Lição: “O psicólogo deverá interrogar-se com insistência sobre a ciência que pratica. Ai dele se não o fizer!” Que acontece? Corre “o risco de actuar sem sentido”.
Terceiro texto, 1992: “A perspectiva Ecológica em Psicologia da Educação”
Lição: a psicologia actual é chamada à construção de uma “nova teoria social do conhecimento e de um pragmatismo científico que conduza à solução dos graves problemas que se põem à humanidade”.

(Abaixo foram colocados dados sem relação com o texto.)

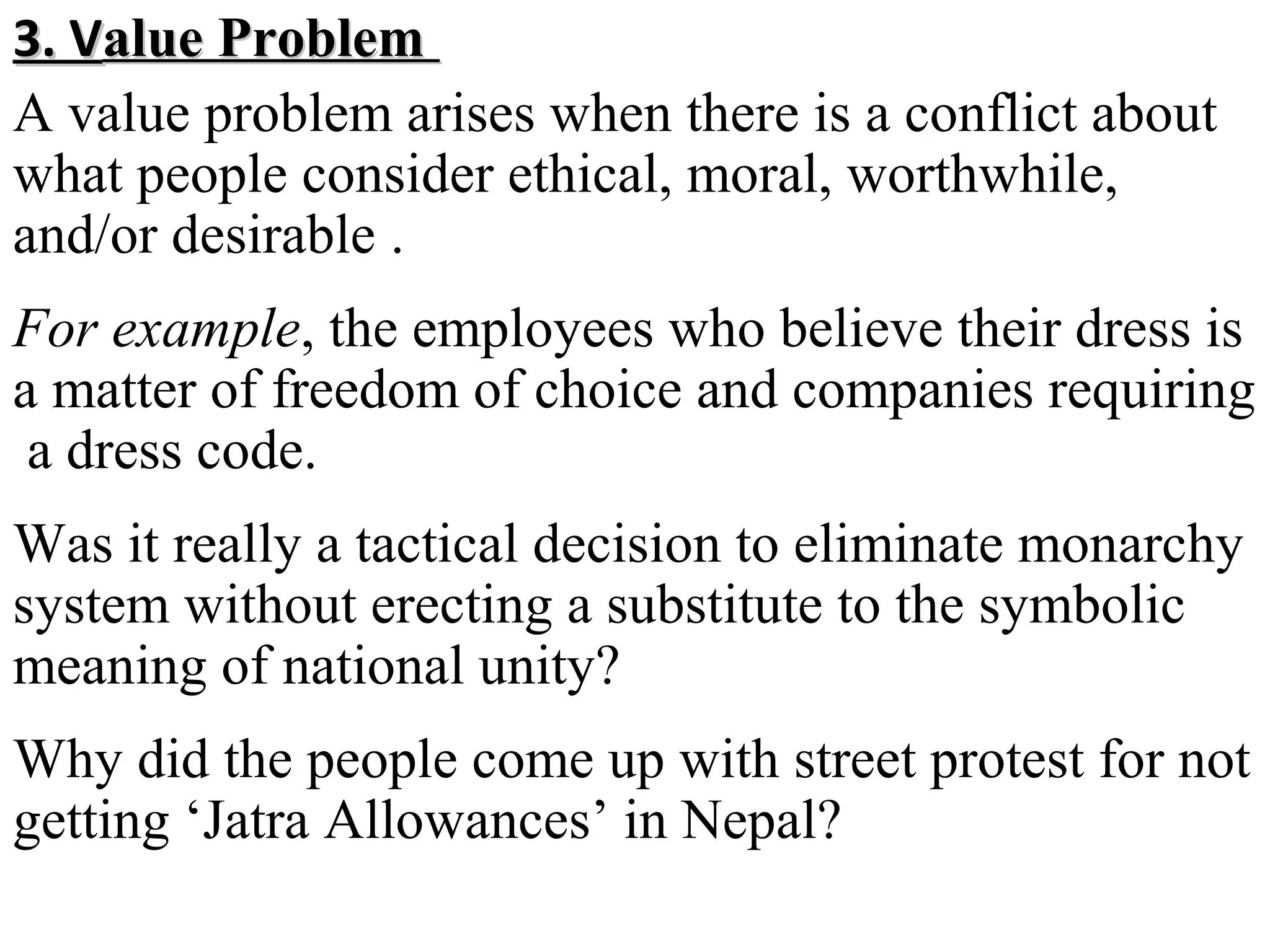 3. Value Problem
A value problem arises when there is a conflict about
what people consider ethical, moral, worthwhile,
and/or desirable .
For example, the employees who believe their dress is
a matter of freedom of choice and companies requiring
a dress code.
Was it really a tactical decision to eliminate monarchy
system without erecting a substitute to the symbolic
meaning of national unity?
Why did the people come up with street protest for not
getting ‘Jatra Allowances’ in Nepal?

 
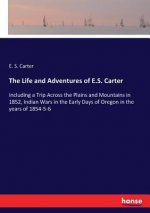 Life and Adventures of E.S. Carter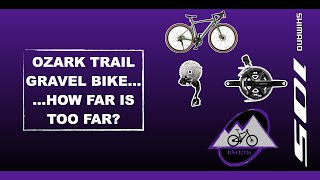 OZARK TRAIL G1 ADVENTURE GRAVEL BIKE  HOW FAR, IS TOO FAR FOR UPGRADES? by JUST MATT 3,186 views 3 weeks ago 9 minutes, 32 seconds
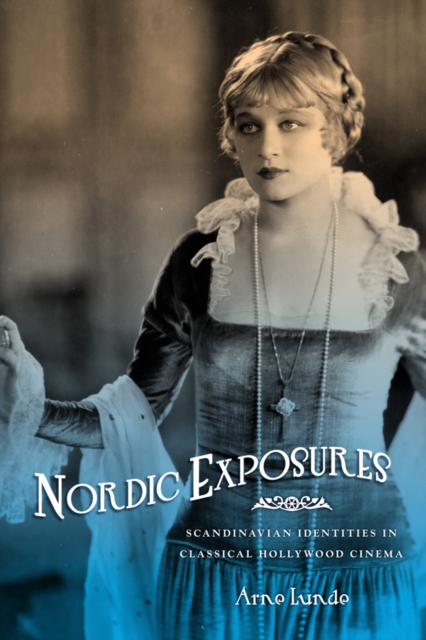 Nordic Exposures : Scandinavian Identities in Classical Hollywood Cinema, Hardback Book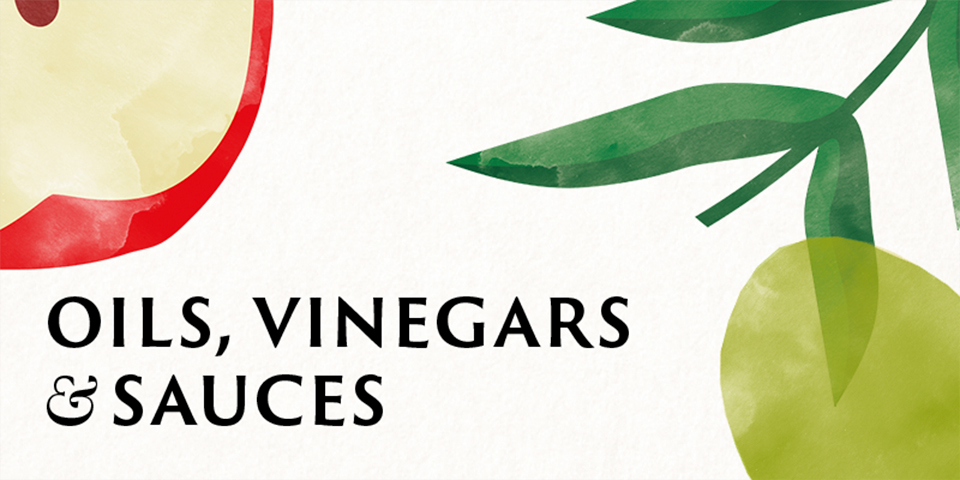 Oils, Vinegars & Sauces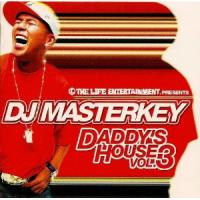 DJ MASTERKEY / DJマスターキー / DADDY' S HOUSE VOL.3 / DADDY’S HOUSE VOL.3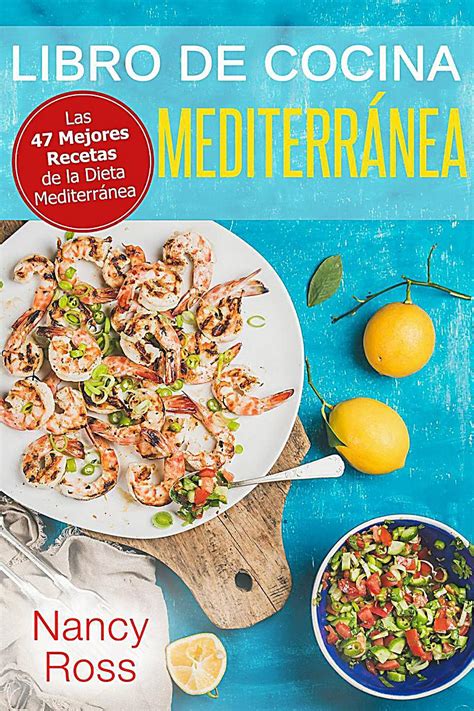 Añada sus recetas o incorpórelas directamente de internet. Libro de Cocina Mediterránea. Las 47 Mejores Recetas de la ...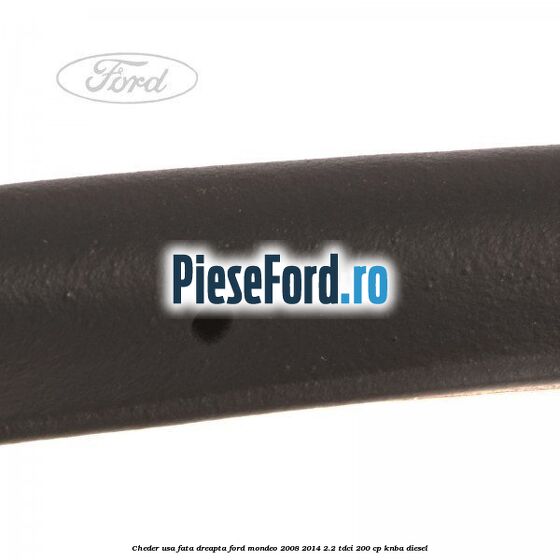 Cheder usa fata dreapta Ford Mondeo 2008-2014 2.2 TDCi 200 cp KNBA diesel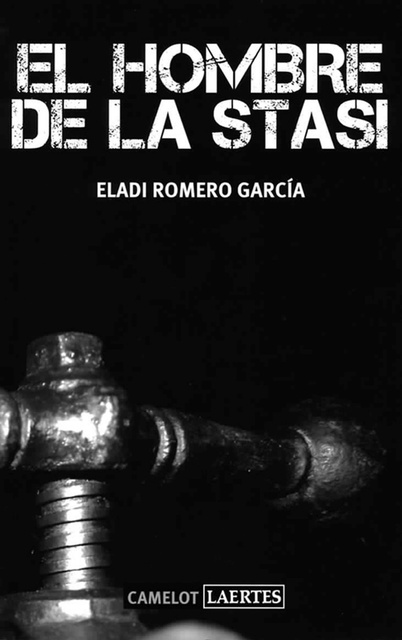 El hombre de la Stasi - E-book - Eladi Romero García - Storytel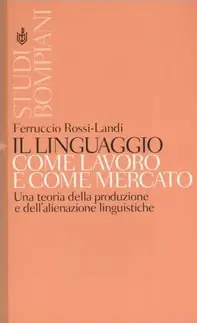 Il linguaggio come lavoro e come mercato. Una teoria della produzione e dell‘alienazione linguistiche Nuova Collezione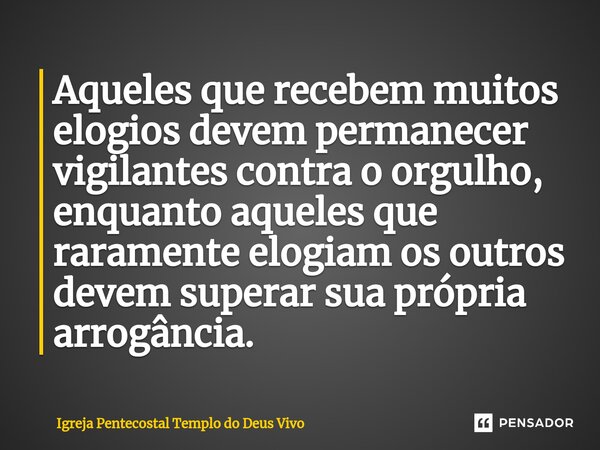 ⁠Aqueles que recebem muitos elogios devem permanecer vigilantes contra o orgulho, enquanto aqueles que raramente elogiam os outros devem superar sua própria arr... Frase de Igreja Pentecostal Templo do Deus Vivo.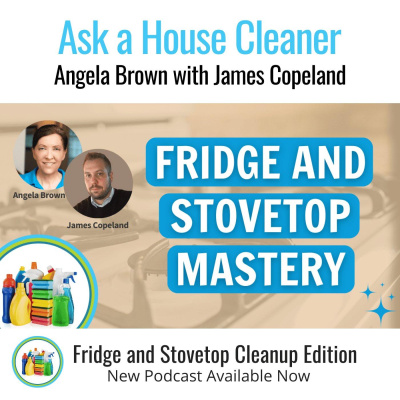 Ask A House Cleaner | Angela Brown | Savvy Cleaner | House Cleaning Tips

Muitas outras lições podem e devem ser retiradas dos escritos do Professor Bairrão. Quem vem visitá-lo na sua doação intelectual?

A memória
As nossas conversas, sem conto ao longo dos 20 anos de trabalho na mesma universidade, rapidamente descolavam da especialidade de cada um de nós e da epistemologia regional para as questões gerais do conhecimento e do método científicos. A, infelizmente, última ocorreu entre Campanhã e Santa Apolónia. Foi há 9 meses. Desta vez, centrámo-nos nas implicações das neurociências cognitivas para as ciências do comportamento. Encontrei Bairrão Ruivo, Professor Emérito de Psicologia, aluno de “master” em Biologia na Open University! Apesar da doença!
Quem poderá esquecer tão raro desejo de habitar na morada do saber e da ciência?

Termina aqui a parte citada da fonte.